Let $L$ be an $L^p$-space, $1<p<\infty$, associated with an arbitrary measure space $(X, \mathcal F, \mu)$. A semi-partition of $X$ is a finite disjoint collection of measurable sets with finite measures. Let $A$ be the set of all semi-partitions of $X$. We introduce a partial order into $A$ as $\alpha\leq \alpha'$ meaning that each set in $\alpha$ is a union of some sets in $\alpha'$, this makes $A$ a directed set. Let $E_\alpha:L\to L$ be the conditional expectation operator with respect to the semi-partition $\alpha$, mapping functions to their average values on the sets of $\alpha$ and to zero outside of these sets. We have that for fixed $f\in L$, the net $\{E_\alpha f\}$ converges to $f$. Let $L_\alpha$ be the range of $E_\alpha$ (this is a finite dimensional $L^p$-space). Let $\mathcal U$ be an ultrafilter on $A$ containing all sets $\{\alpha\in A: \alpha\geq\alpha_0\}$ for arbitrary $\alpha_0\in A$.

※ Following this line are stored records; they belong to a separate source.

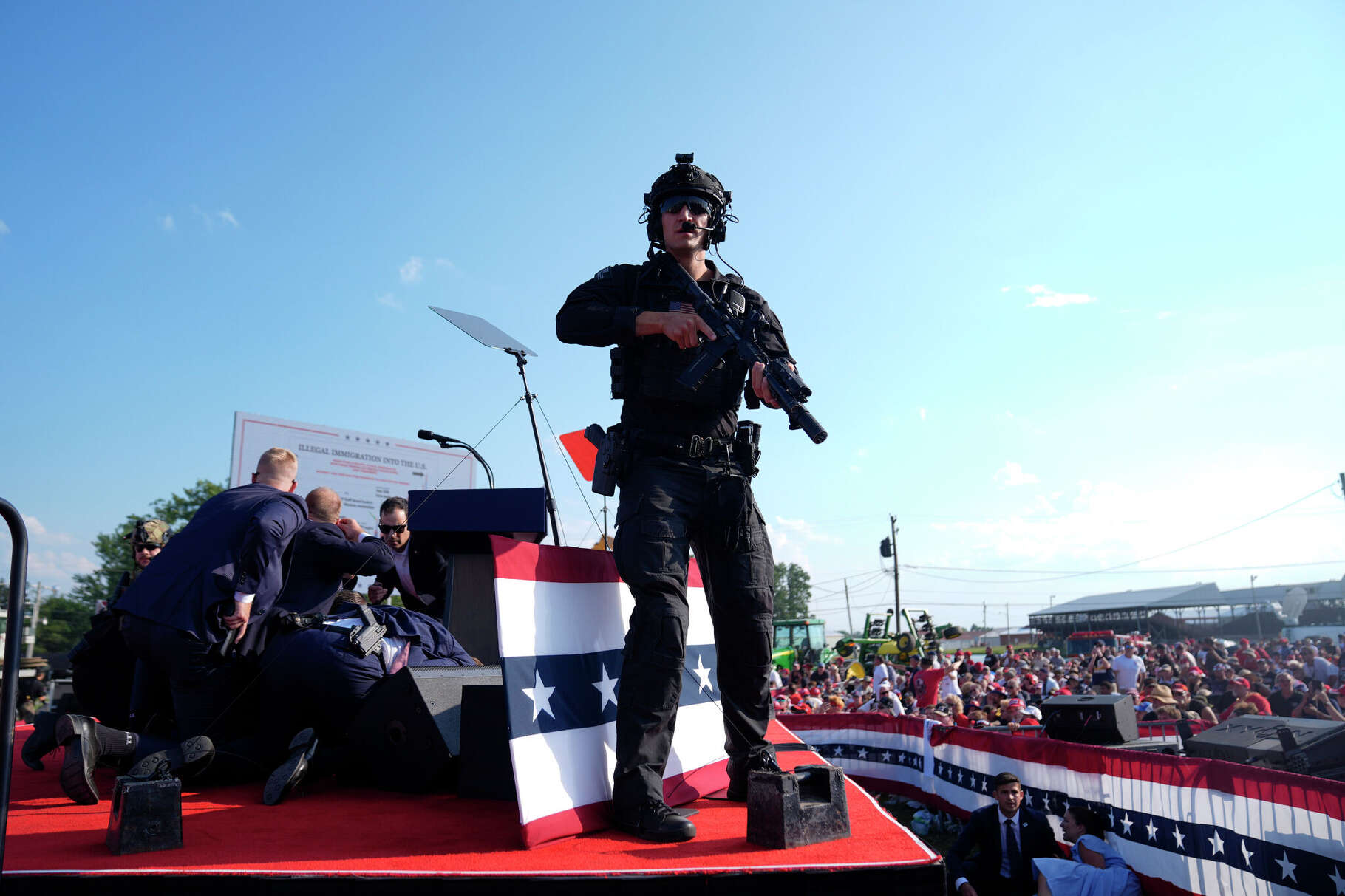 Republican presidential candidate former President Donald Trump is surrounded by U.S. Secret Service agents on stage at a campaign rally, Saturday, July 13, 2024, in Butler, Pa. (AP Photo/Evan Vucci)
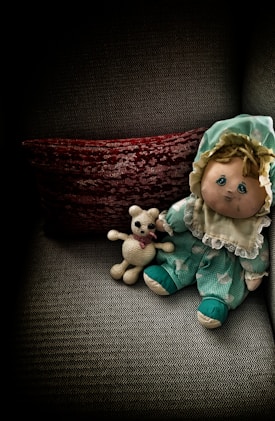 A plush doll dressed in a green outfit with a bonnet sits on a textured gray armchair beside a small crocheted teddy bear. Behind them is a deep red textured pillow, adding contrast to the scene with a cozy and nostalgic feel.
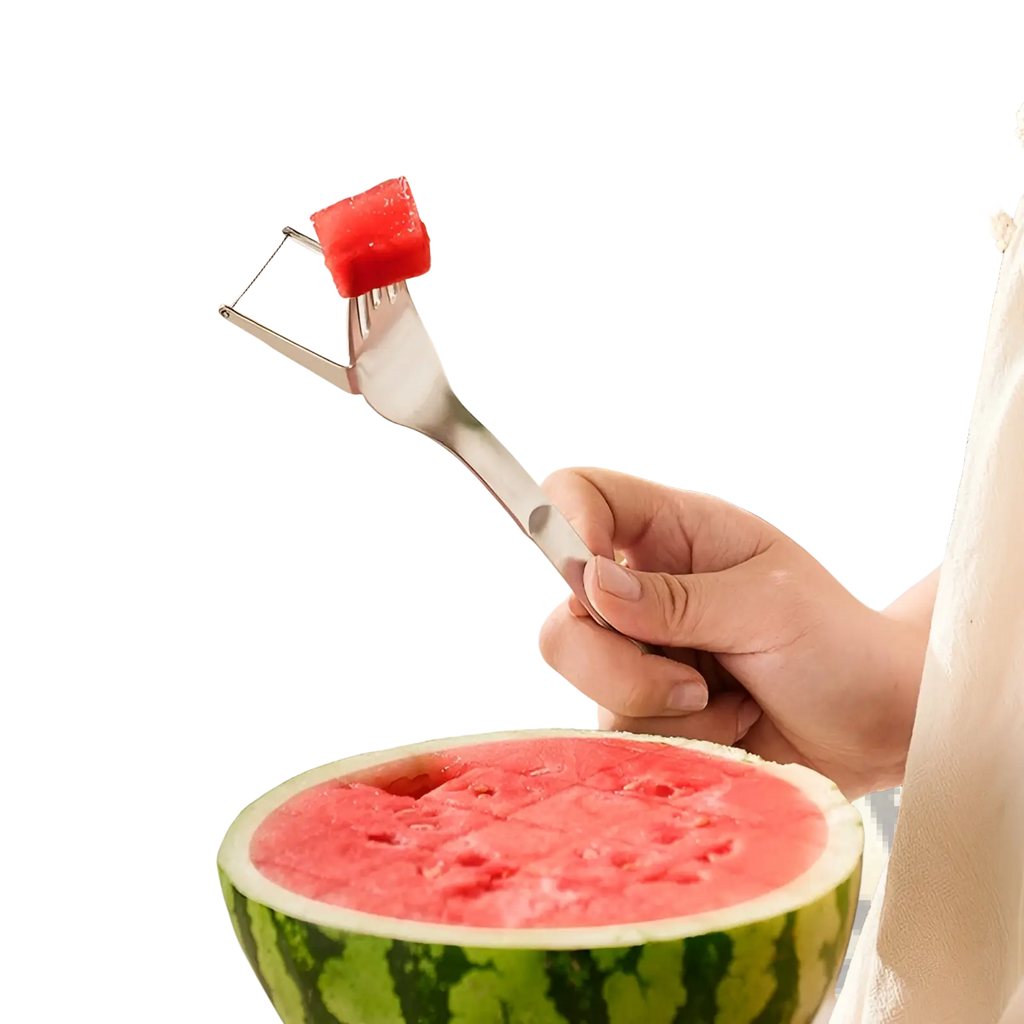 Silver stainless steel 2-in-1 watermelon slicer fork holding a cube of red watermelon flesh for easy cutting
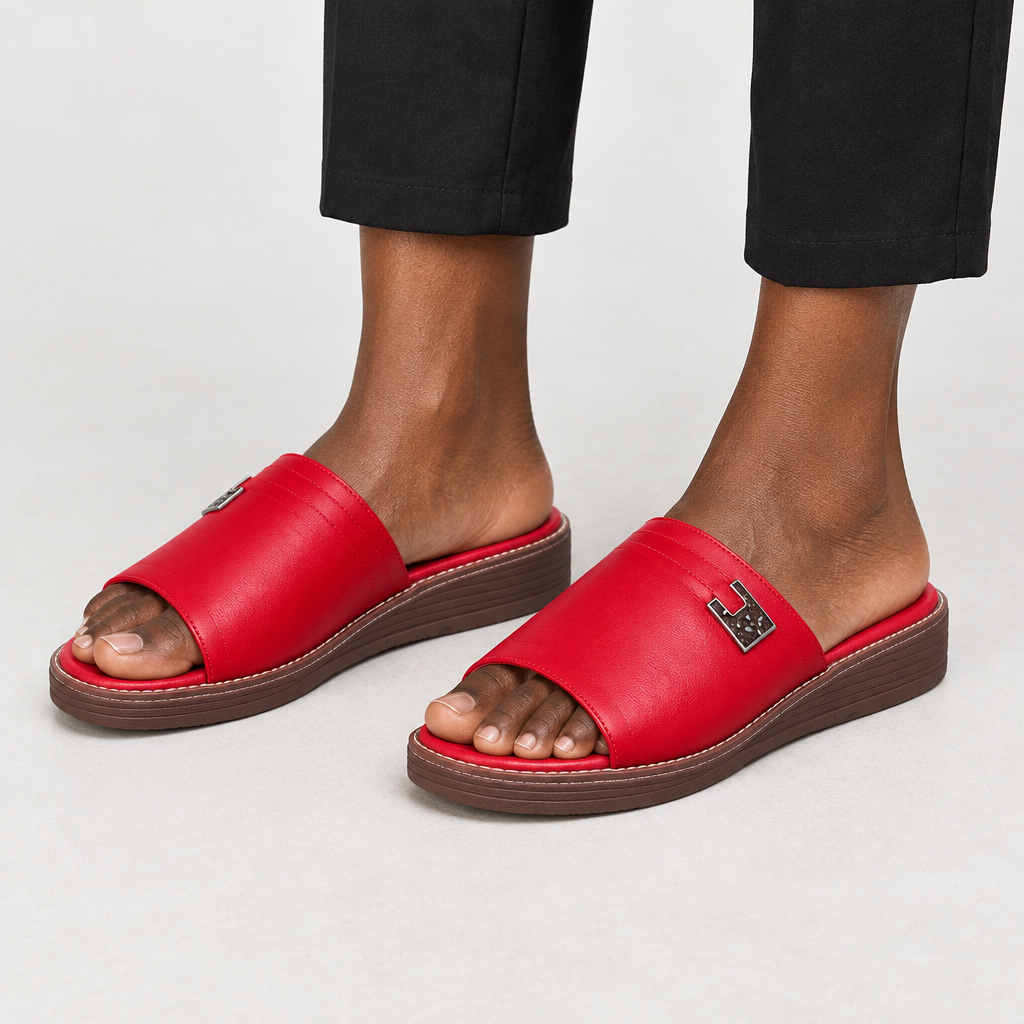 Red slide sandals worn on both feet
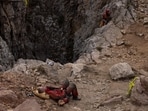 A rescuer rests at the entrance of Morca Cave as he takes part in a rescue operation to reach U.S. caver Mark Dickey who fell ill and became trapped some 1,000 meters (3,280 ft) underground, near Anamur in Mersin province, southern Turkey September 11, 2023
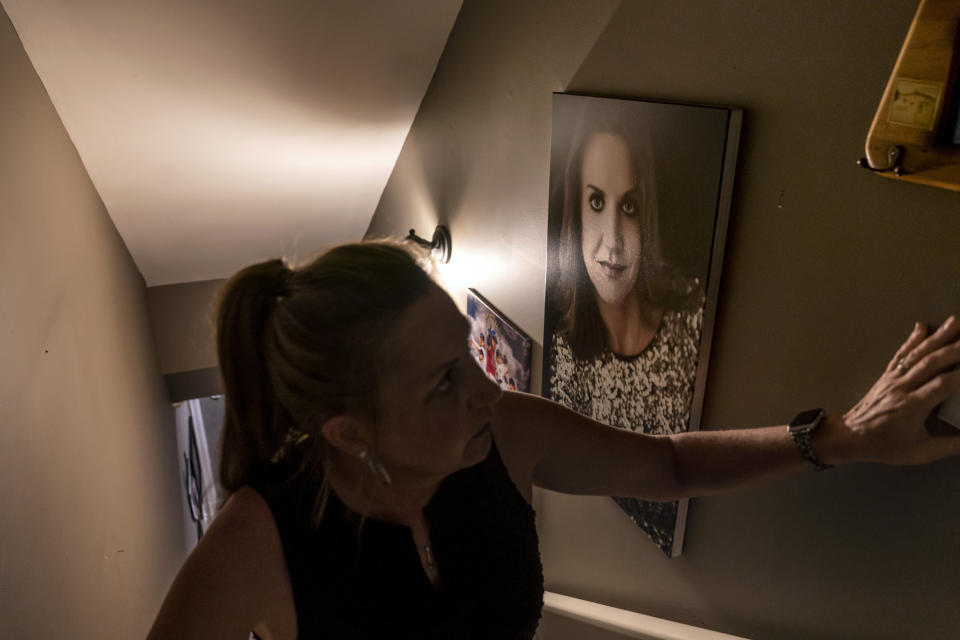 Janet Paulsen passes a photo of herself as she slowly climbs the staircase at her home in Acworth, Ga., Tuesday, Aug. 8, 2023. Paulsen was shot six times when her estranged husband ambushed her in their garage in 2015 before he turned the gun on himself. (AP Photo/David Goldman)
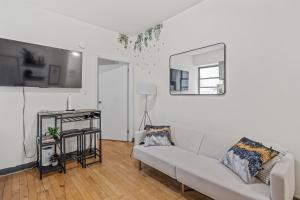 a white living room with a couch and a mirror at Chic Times Square 1-Bedroom Apartment - Hosts 4 in New York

I would like to know if the ultraproduct $W$ of the $L_\alpha$ with respect to $\mathcal U$ is isometric isomorphic to $L$ itself. If $A$ contains a largest element this is true of course, but my intuition says it should be also true otherwise.
Here is what I have tried:
Let $\phi: L\to W, f\mapsto (E_\alpha f)_\mathcal U$, where $(x_\alpha)_\mathcal U$ denotes the equivalence class of $(x_\alpha)_{\alpha\in A}$ with respect to $\mathcal U$.
The mapping is isometric: $\|(E_\alpha f)_\mathcal U\| = \lim_\mathcal U\|E_\alpha f\|$. Since $\|E_\alpha f\|$ net-converges to $\|f\|$ this is also true for the ultrafilter limit due to the property we demanded of our ultrafilter.
I have problems with the surjectivity. Let $(f_\alpha)_\mathcal U\in W$ be arbitrary. My idea was to define a functional on $\varphi$ on $L^q(X)$ via $\varphi(g) = \lim_\mathcal U\int_{L_\alpha}(E_\alpha g)f_\alpha$. The limit exists because $\int_{L_\alpha}(E_\alpha g)f_\alpha$ is bounded. This also shows that $\varphi$ is bounded, hence there is $f\in L$ which induces $\varphi$. I think that we should have $(E_\alpha f)_\mathcal U = (f_\alpha)_\mathcal U$, but I can't show that $\lim_\mathcal U\|E_\alpha f-f_\alpha\| = 0$. If $(f_\alpha)_\mathcal U$ is already of the form $(E_\alpha f)_\mathcal U$ then this construction with the functional indeed gives back $f$, but in the general case I don't see it. Can anybody help me?
I think that the answer is NO since an ultraproduct of $L^p$-spaces $L^p(\Omega_i)$ is an $L^p$-space on a measure space $\Omega^{\mathcal{U}}$ and such a measure space is a "bigger" measure space and generally no $\sigma$-finite even if the $\Omega_i$'s are $\sigma$-finite.